Having actually built such functionality for a different android app, I can assure you that 'just transfer the file' is extremely difficult. Problems include Android API skew across versions, different OEM android implementations of those skewed APIs, and more!

For transferring backups from one phone to the other, I used Xender. Probably best to just transfer with an sd card, though.


I can totally believe that, but Signal already has most of the infrastructure in place to sync messages and files across devices in a secure manner. It doesn't seem to me that it should be too difficult to repurpose it to do an initial sync between two devices.


The "WhatsApp Business API" client also offers the ability to backup/restore the Signal cryptographic identity, because it would be a bad experience for end-users to see identity change notifications from businesses every time their IT person decides to fiddle with their servers.

It would be nice if this could be done on smartphone clients, but that pretty much requires leveraging some sort of "trusted key store" external to the app. (Which I'll admit may exist on some platforms, to varying levels of trust. How feasible and acceptable it is for this use case, I honestly do not know.)

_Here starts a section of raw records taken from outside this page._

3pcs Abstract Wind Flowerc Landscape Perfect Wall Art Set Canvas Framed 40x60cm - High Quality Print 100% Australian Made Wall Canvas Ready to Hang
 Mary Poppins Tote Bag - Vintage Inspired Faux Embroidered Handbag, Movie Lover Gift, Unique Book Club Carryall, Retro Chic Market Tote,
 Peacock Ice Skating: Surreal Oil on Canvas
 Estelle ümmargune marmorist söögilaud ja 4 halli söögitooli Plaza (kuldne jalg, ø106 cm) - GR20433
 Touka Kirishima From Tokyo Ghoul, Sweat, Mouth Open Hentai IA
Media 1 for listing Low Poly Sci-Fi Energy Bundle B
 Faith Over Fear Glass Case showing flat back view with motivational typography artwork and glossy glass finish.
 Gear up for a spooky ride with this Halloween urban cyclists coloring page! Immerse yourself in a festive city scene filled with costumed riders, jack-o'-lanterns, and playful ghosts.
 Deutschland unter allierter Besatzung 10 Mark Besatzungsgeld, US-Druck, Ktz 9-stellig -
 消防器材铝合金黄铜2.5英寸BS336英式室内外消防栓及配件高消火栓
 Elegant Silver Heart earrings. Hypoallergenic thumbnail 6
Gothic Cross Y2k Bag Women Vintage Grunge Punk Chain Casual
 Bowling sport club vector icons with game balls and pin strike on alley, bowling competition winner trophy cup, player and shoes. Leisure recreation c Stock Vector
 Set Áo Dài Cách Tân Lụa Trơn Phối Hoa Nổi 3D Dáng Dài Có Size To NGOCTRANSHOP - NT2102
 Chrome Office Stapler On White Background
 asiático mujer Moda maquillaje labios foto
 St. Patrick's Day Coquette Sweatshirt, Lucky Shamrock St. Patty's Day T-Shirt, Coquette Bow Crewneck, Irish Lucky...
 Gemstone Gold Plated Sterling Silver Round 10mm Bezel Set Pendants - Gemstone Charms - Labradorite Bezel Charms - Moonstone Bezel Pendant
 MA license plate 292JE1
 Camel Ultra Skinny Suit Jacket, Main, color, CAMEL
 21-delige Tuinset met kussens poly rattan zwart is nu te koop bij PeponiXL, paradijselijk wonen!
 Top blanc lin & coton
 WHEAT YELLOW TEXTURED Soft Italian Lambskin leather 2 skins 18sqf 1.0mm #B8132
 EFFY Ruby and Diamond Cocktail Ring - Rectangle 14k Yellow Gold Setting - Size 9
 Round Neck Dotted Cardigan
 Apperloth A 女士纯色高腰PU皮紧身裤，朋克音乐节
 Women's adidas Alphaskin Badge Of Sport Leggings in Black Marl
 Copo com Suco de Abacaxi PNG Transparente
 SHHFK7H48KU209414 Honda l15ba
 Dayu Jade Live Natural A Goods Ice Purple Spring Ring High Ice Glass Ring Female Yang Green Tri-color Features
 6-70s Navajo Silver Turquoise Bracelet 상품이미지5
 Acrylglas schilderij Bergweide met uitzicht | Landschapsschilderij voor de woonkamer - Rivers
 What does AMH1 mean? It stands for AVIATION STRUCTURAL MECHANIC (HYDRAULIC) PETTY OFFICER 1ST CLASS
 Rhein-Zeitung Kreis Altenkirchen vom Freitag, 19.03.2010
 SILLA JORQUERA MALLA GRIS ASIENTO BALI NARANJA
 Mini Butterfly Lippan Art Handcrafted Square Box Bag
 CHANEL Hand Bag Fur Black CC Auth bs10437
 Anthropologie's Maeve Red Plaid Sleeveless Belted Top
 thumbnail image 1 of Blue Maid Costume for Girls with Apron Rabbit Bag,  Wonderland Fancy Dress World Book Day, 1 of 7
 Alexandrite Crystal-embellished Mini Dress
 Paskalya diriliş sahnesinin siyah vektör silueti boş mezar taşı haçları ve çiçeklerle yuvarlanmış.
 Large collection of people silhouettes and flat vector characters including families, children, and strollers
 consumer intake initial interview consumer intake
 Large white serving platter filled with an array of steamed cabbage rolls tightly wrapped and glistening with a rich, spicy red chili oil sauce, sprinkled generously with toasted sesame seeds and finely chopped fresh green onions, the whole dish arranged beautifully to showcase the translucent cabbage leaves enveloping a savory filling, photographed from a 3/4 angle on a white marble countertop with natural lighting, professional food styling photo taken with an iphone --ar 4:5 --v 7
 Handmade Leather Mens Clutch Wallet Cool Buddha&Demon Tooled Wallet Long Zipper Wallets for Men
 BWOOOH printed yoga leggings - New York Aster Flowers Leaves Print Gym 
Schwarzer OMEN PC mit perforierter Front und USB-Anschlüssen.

on Android: Settings, Chats and media, Chat backups - Backups will be saved to external storage and encrypted with [30 decimal digit password] ... ... Other than chat message contents, it is unclear exactly what gets backed up. It defaults to saving in the Signal folder on the INTERNAL sd.

on Windows: File, Preferences, Contacts - Import all signal groups and contacts from your mobile device. ... ... It is unclear what else gets imported.